Bei dem Wort »essen« fiel Rieder ein, dass er seit dem Frühstück nichts mehr zu sich genommen hatte, und er spürte, wie sein Magen aufjaulte bei dem Gedanken an Nahrung.

»Könnte ich einen Tee bekommen? Und haben Sie irgendwas zu essen, was schnell geht?«

»Eigentlich gibt’s erst ab 18 Uhr wieder warme Küche, aber von heute Mittag wäre noch frischer Matjes mit Remoulade zu haben. Nur statt Bratkartoffeln müsste es eine Scheibe Brot tun.«

»Klingt gut.«

»Setzen Sie sich mal hier an den Rand der Theke. Müssen die anderen Gäste ja nicht mitkriegen, sonst wollen wieder gleich alle eine Extraportion. Ich heiße übrigens Dobbert. Charlotte Dobbert.«

 

»Stefan Rieder.«

Charlotte Dobbert verschwand in der Küche und kam kaum zwei Minuten später mit einem Teller Matjes zurück, dick mit Remoulade bedeckt, dazu zwei Scheiben Brot. Rieder stürzte sich auf das Essen. Unaufgefordert stellte sie ihm statt Tee ein Bier hin. »Fisch muss schwimmen.«

Während Rieder den Fisch mehr verschlang als aß, bediente Charlotte Dobbert einige Gäste auf der Terrasse. Als sie sein Geschirr wegräumte, kam er noch einmal auf den Fall zurück.

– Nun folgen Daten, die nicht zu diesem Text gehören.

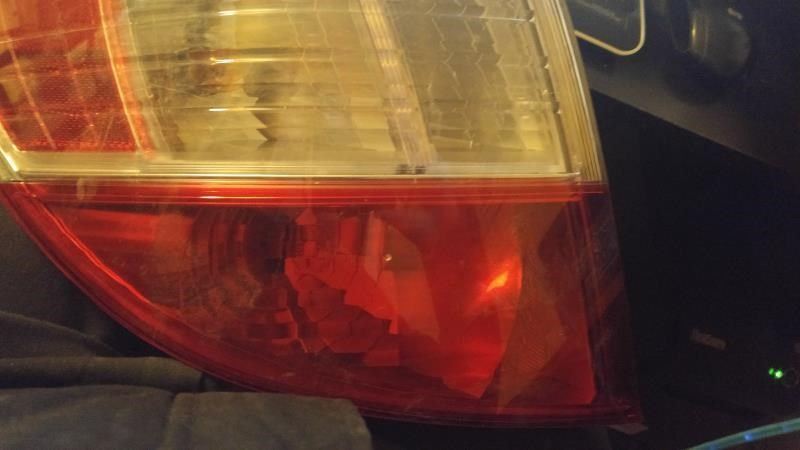 Calavera (luz trasera) izquierda usada original (OEM) Honda FIT 2009-2014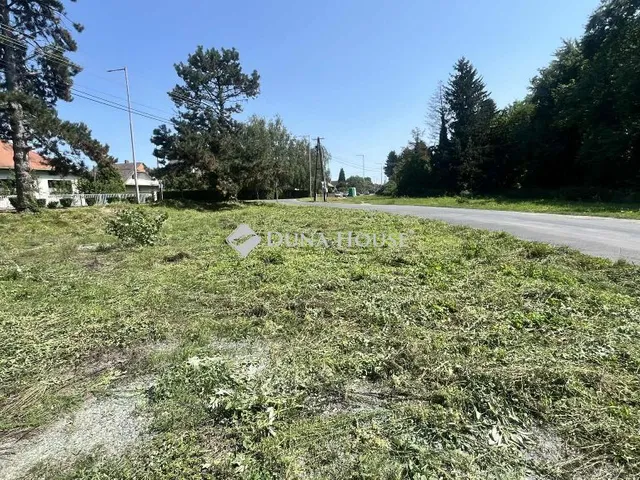 Eladó telek Kőszeg 992 nm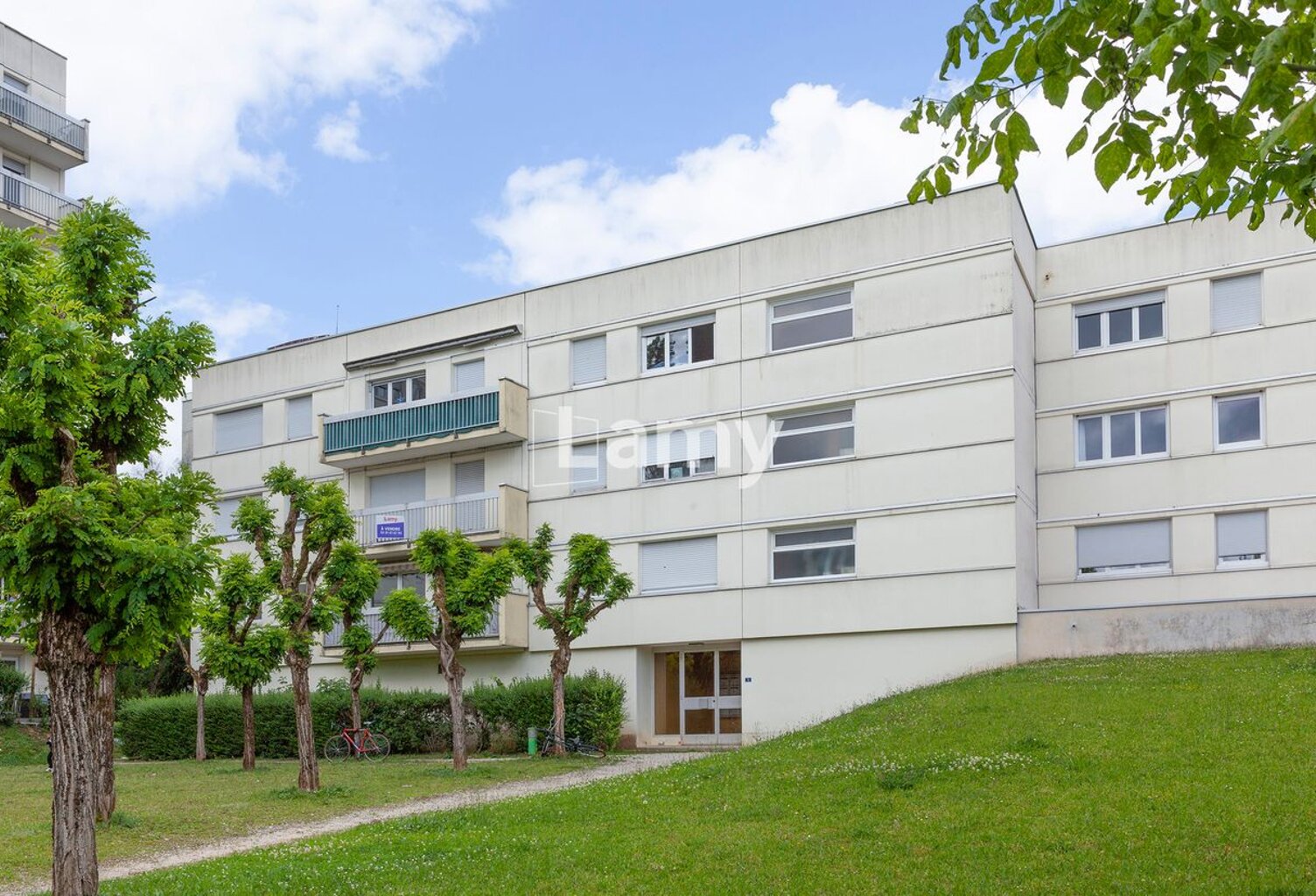 Parking + Appartement + Parking — photo 1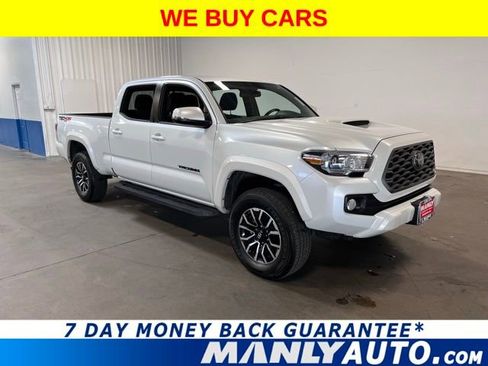 Used 2022 Toyota Tacoma TRD Sport w/ Black Out Package (TMS) image 1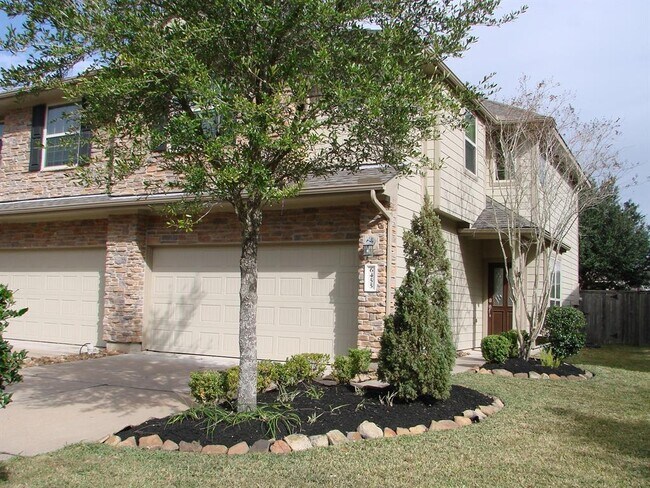 Building Photo - 6455 Calgary Woods Ln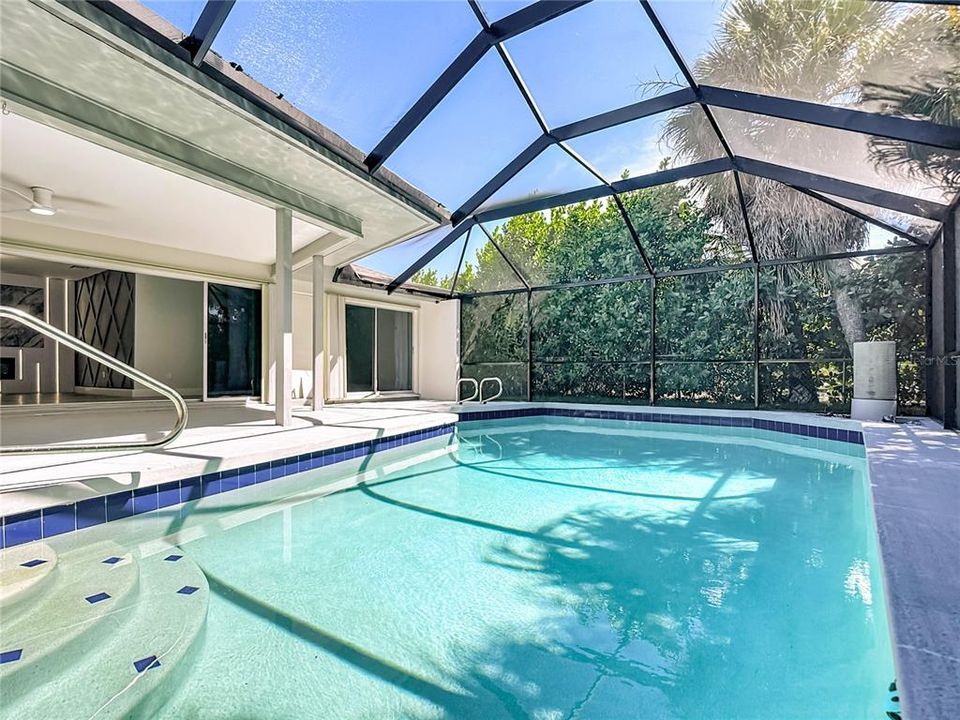 En Venta: $1,197,000 (3 camas, 3 baños, 2240 Pies cuadrados)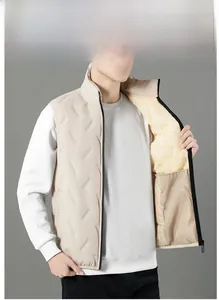 Détail de la doublure en polaire épaisse et de la poche intérieure de la veste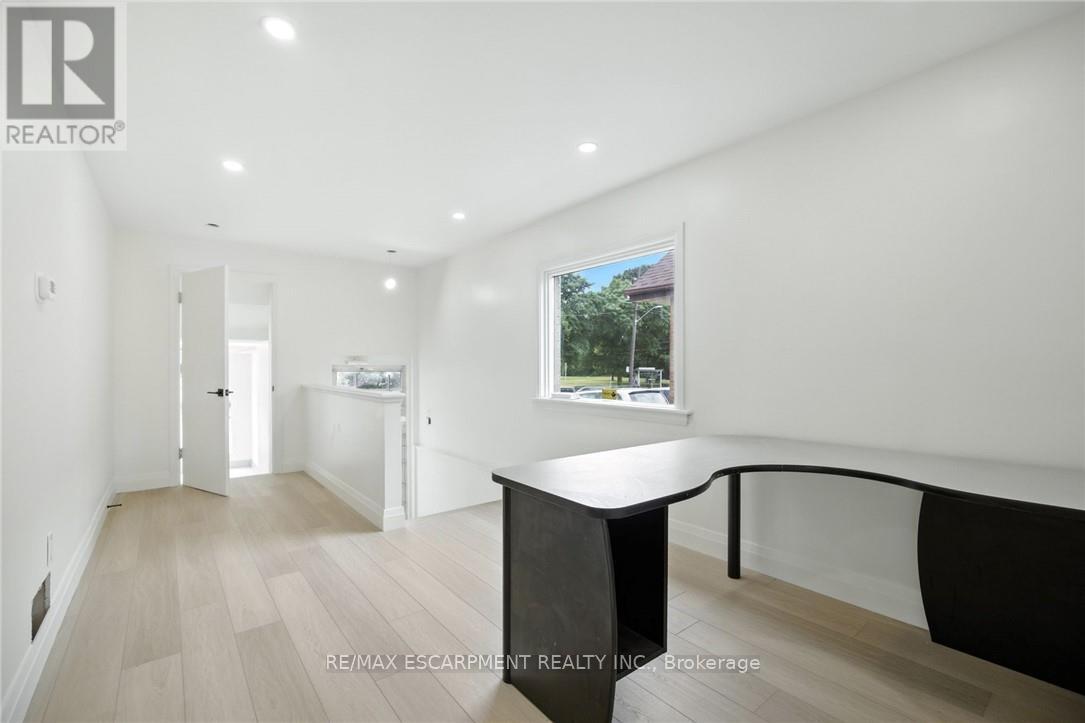 Photo 4 of 1583 Main Street E, Hamilton ON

»Wann war der Mann denn hier?«

»Ich würde sagen, so vor zwei oder drei Tagen.«

»Sie haben doch sicher mit ihm gesprochen. Haben Sie vielleicht rausgehört, wo er herkam? War er Sachse, Berliner, Rheinländer …?«

»Keine Ahnung. Er las aber in einem Buch über die Geschichte Hiddensees. Daran kann ich mich erinnern. Entschuldigen Sie, aber ich muss mich um die anderen Gäste kümmern. Ich habe den Laden noch nicht lange und kann mir keinen schlechten Ruf leisten. Dafür gibt’s zu viel Konkurrenz.«

Rieder beobachtete Charlotte Dobbert beim Hantieren an der Espressomaschine. Ihr blondes Haar fiel ihr über die Schultern. Sie war vielleicht Anfang, Mitte dreißig, schlank, aber nicht dürr. Eben gut gebaut. Ihr blassgrünes T-Shirt und die enge Jeans betonten ihre Figur. Und sie hatte freundliche Augen. Charlotte Dobbert schaute zu ihm rüber und lächelte.

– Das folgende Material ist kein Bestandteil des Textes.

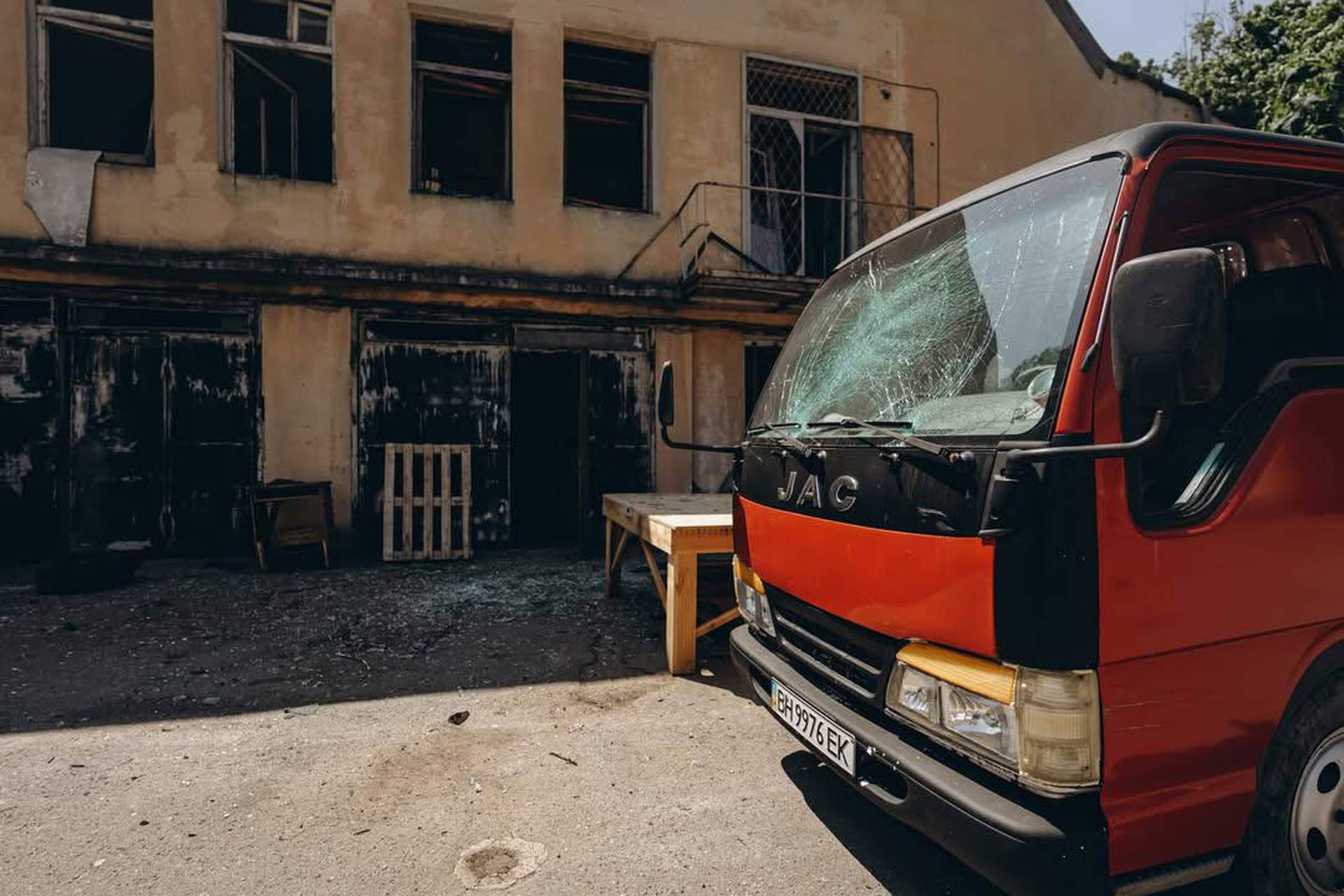 На Одеській кіностудії внаслідок російського удару були знищені декорації до фільму "Довженко"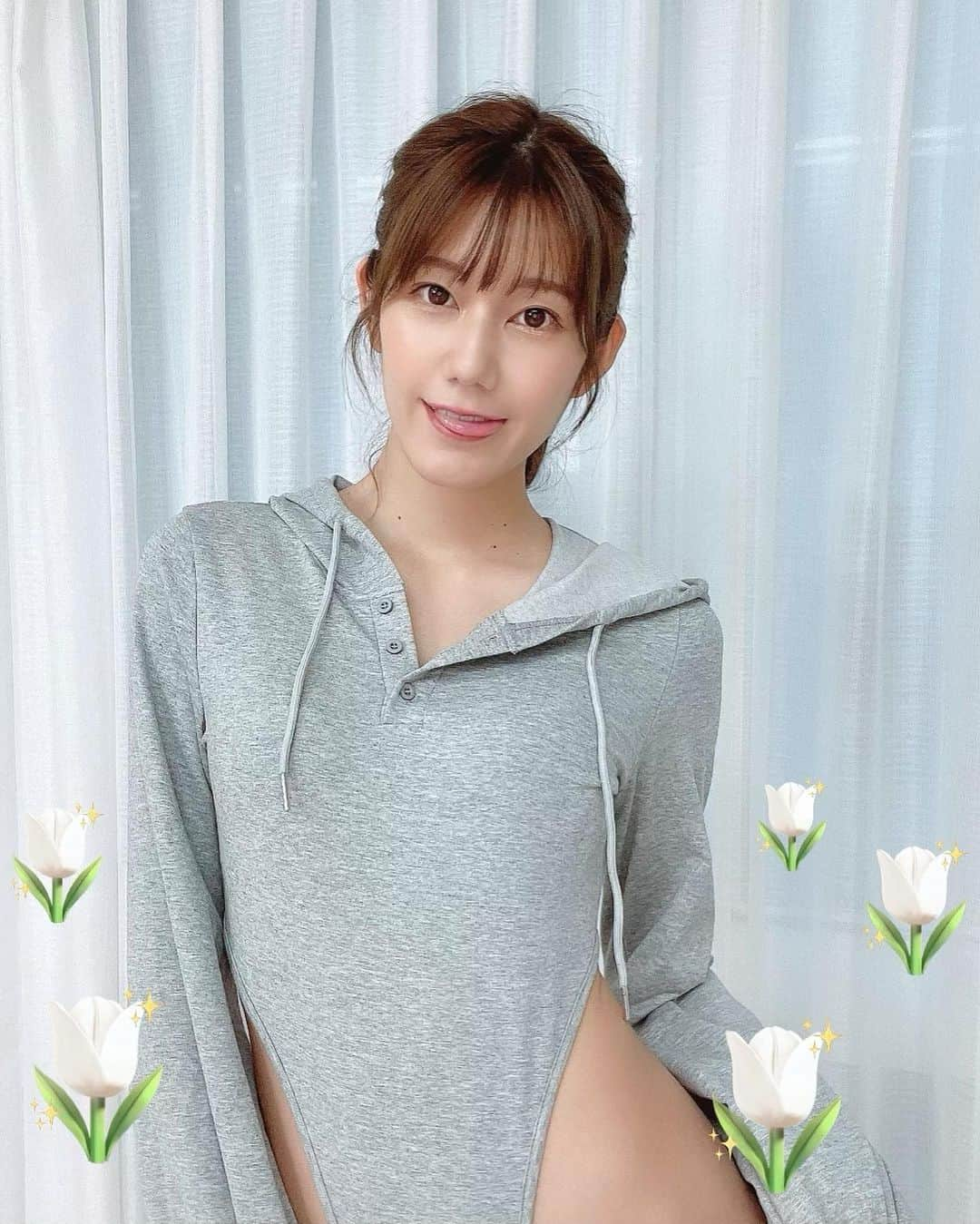 八反美咲さんのインスタグラム写真 - (八反美咲Instagram)「ハイレグ好き？🤭  #美脚マイスターっちゃん #ミス週刊実話 #ハイレグ ##shien #shien購入品 #美脚 #ボディメイク #ダイエット #japanesegirl #インスタグラビア  #다이어트 #몸짱 #몸매관리」3月26日 11時43分 - misaki_hattan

»Hallo, Sheriff. Einen Penny für ihre Gedanken?«

Rieder wurde rot. Ihm fiel nicht mehr ein als: »Ich muss los. Noch die anderen Kneipen abklappern.«

»Lassen Sie das nur nicht die anderen Kneiper hören. Die halten sich nämlich alle für Edel-Gastronomen. Viel Erfolg. Kommen Sie mal wieder vorbei auf Ihrer Spurensuche oder auch so.«

»Mach ich gern.« Er zahlte.

In der Tür drehte er sich um und kehrte noch einmal zur Theke zurück. »Hat der Mann auf dem Foto vielleicht mit EC- oder Kreditkarte bezahlt, dann könnte ich über die Nummer auch den Namen rauskriegen?«

Charlotte Dobbert lachte auf. »Sie sind wirklich noch nicht lange auf der Insel. Hier ist nur das Bare das Wahre. Entweder cash oder gar nicht. Der Fischer will am Kutter für seinen Fisch ja auch gleich Geld sehen.« Dann aber fügte sie in sanftem Ton hinzu: »Tut mir leid, dass ich Ihnen nicht helfen konnte«, und lächelte ihn freundlich an.

Rieder dankte und machte sich auf den Weg zu den anderen Lokalen in Neuendorf. Aber auch dort kam er nicht weiter. Man hatte den unbekannten Toten in den letzten Tagen dort zwar ab und zu gesehen, aber immer allein. Er war ein unauffälliger Gast gewesen. Allen Befragten war jedoch aufgefallen, dass er immer in einem dicken Hiddensee-Buch gelesen hatte. Rieder konnte sich nur schwer konzentrieren. Zwischen seine Gedanken schob sich immer wieder das Bild von Charlotte Dobbert.